Radio and Television Ads in The New Yorker

CBS had a two column spread organized like “Talk of the Town” but all of the items were about CBS radio shows. One item noted that this was Kate Smith ’s 15th year on CBS, with more than 3,000 broadcasts. The list of songs she launched on air included her signature songs “When the Moon Comes Over the Mountain” and “God Bless America,” as well as “Stardust” “These Foolish Things,” “The Last Time I Saw Paris” and “Don't Fence Me In,” among others.

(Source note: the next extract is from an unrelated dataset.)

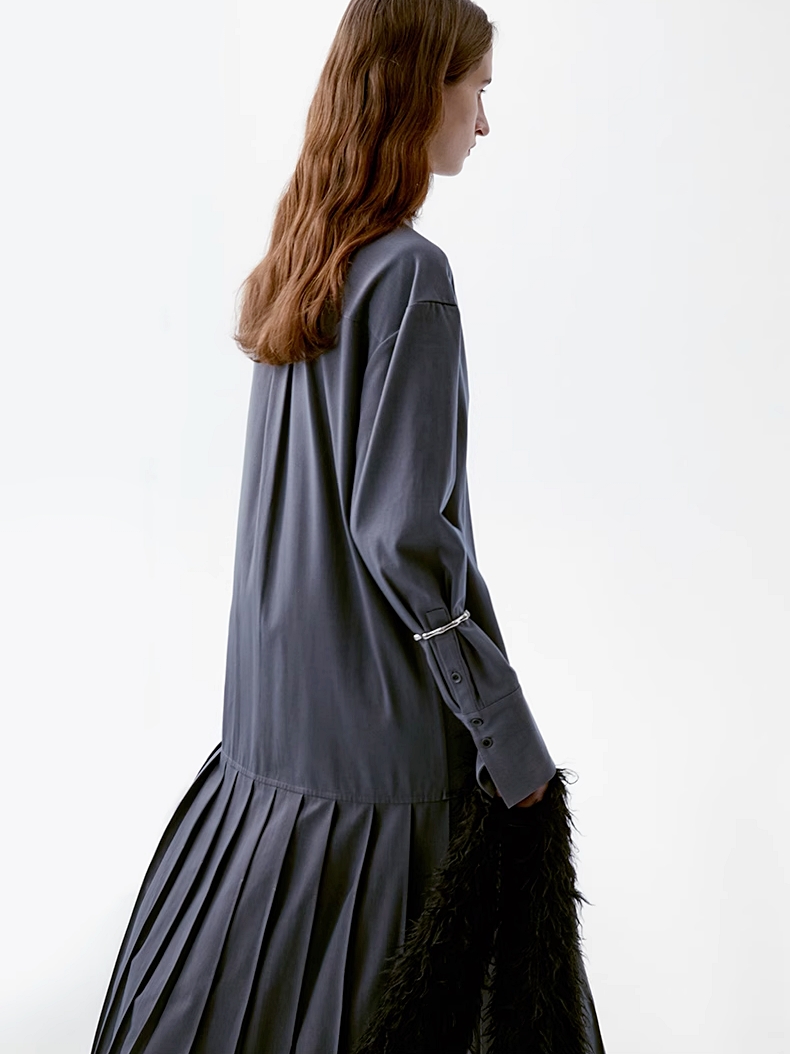 INSIS｜ Intellectual Tencel Wool Pleated Design Shirt Dress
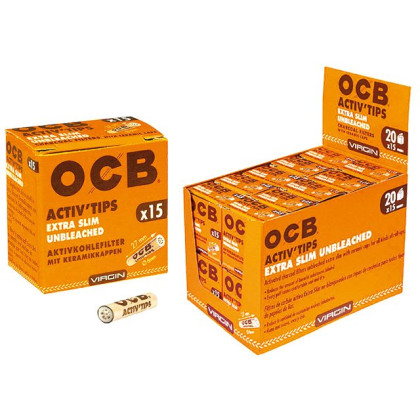 OCB Active Tips "Extra Slim Unbleached" 20 x 15 Tips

Dumont announced the opening of the John Wanamaker TV studios, at the downtown Wanamaker’s department store. The central studio was as large as a city lot and fifty feet high. The main balcony held 700 people and there were 11 TV cameras. It would serve as the production center and originating studio for new Dumont network. The New York Dumont station, WABD, broadcast from 8 to 9:30 Monday to Friday. Spectator tickets were required for broadcasts but the studios were open to visitors without tickets from 10 am to 5:30 PM, every day but Sundays. The entrance was under the famed Wanamaker’s bridge, just east of Broadway. Dumont manufactured television sets and equipment and began broadcasting experimentally in 1938. Commercial broadcasts began in 1944, originally on channel 4 but since the end of 1945 on channel 5. In 1946 it began network broadcasts, which ended ten years later. In 1946 NBC was also broadcasting a limited schedule of television shows. The goal for both companies at this point in time was the sale of TV sets, which were still a novelty item.